Following former Soviet leader Mikhail Gorbachev’s reforms
and the collapse of the Soviet Union, the enforced isolation
of the Soviet peoples ended. Yet, the isolation of post-Soviet
studies to a considerable extent remained, and still remains
to this day. Rather than undergoing a real intellectual opening,
much of the discipline continues to refer back only to Tsarist
and Soviet parallels in attempts to understand developments
in the present.
The understanding of post-Soviet societies has been further
muddled by the appearance of the new academic-political discipline
of "transitionology" -- the study, or rather endlessly
repeated mantra, of "transitions from totalitarian rule
to democracy and the free market." Applied in a blanket
way across a range of very different societies and political
cultures, this, in my view, has obscured far more than it
has revealed about the real processes at work in much of the
former Soviet area. As John Schoeberlein wrote recently, "While
development agencies still enthusiastically support a ‘transition’
in Central Asia, many sober observers are questioning whether
it is right to refer sanguinely to a ‘transition’ when there
is little idea where it might lead."
The central premise of "transitionology" as applied
to the whole area from the Oxus to the Elbe is at best inadequate,
and at worst idiocy. This presupposes the notion that there
is such a thing as a "normal" country, and that
normality is to be defined as the condition of a small number
of states in North America and Western Europe in the last
four decades of the 20th Century. Moreover, of
course, even these states differ very considerably among themselves.
The danger is that too many students, journalists and practitioners
have fallen into a trap by adopting what a Russian friend
of mine calls the "future desirable tense." The
definition of the future desirable states that because it
is desirable that the former Communist states should
become free market democracies, it is therefore in some way
inevitable that this should be so.
Of course, in the countries of Central Europe and the Baltic,
such a transition is entirely possible (if still difficult)
and has to a very considerable extent already occurred.

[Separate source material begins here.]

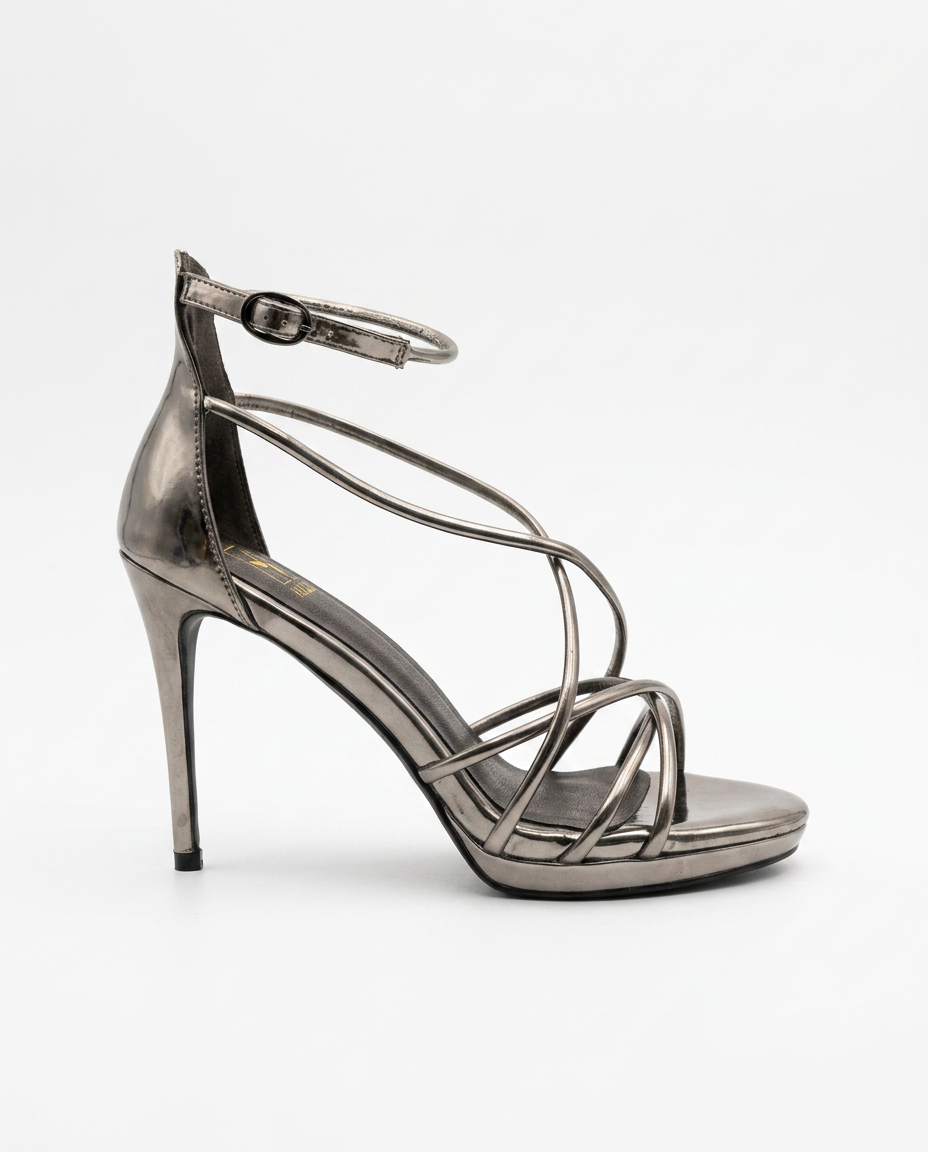 Ankle Strap Heel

Across
most of the former Soviet bloc however, not merely have living
standards and public services fallen (often disastrously)
since the end of Communism, but a significant number of countries
are actually less free than they were in the last years of
Gorbachev. This is above all true of parts of Central Asia
– and it may well go on being the case for a very long time.
The melancholy truth today is that there is absolutely nothing
abnormal in the world about impoverished nations under dictatorial
or semi-authoritarian rule. Even where the formal institutions
of democracy exist, these are often extensively manipulated,
and no more than facades for the authoritarian and exploitative
practices of a variety of elites.
That is why people working on the former Soviet Union should
read books such as Chehabi’s and Linz’s Sultanistic Regimes.
Since it is based on a conference which took place in 1990,
it mentions the Soviet Union only rarely – though it does
devote some space to an analysis of Romania under the Ceausescus
as an example of sultanistic rule by one family operating
within the shell of a Communist system.
If such a book were to be written today, however, it would
be extremely negligent if it did not analyze several post-Soviet
states. For a number of the regimes now ruling former Soviet
republics have taken on "Sultanistic" patterns identified
in this book.
The term "Sultanism" was originally coined by Max
Weber to describe "an extreme form of patrimonialism,"
involving "an administration and a military force which
are purely personal instruments of the master." He distinguished
this absolute discretion on the part of the ruler from traditional
autocracies in which the sovereign’s will was limited by certain
traditions, conventions and interests. The concept was developed
further by Juan Linz, one of the authors and editors of this
book, to help describe certain forms of authoritarian regime
in the Spanish-speaking world of the 1950s and 60s, most notably
that of Rafael Trujillo in the Dominican Republic.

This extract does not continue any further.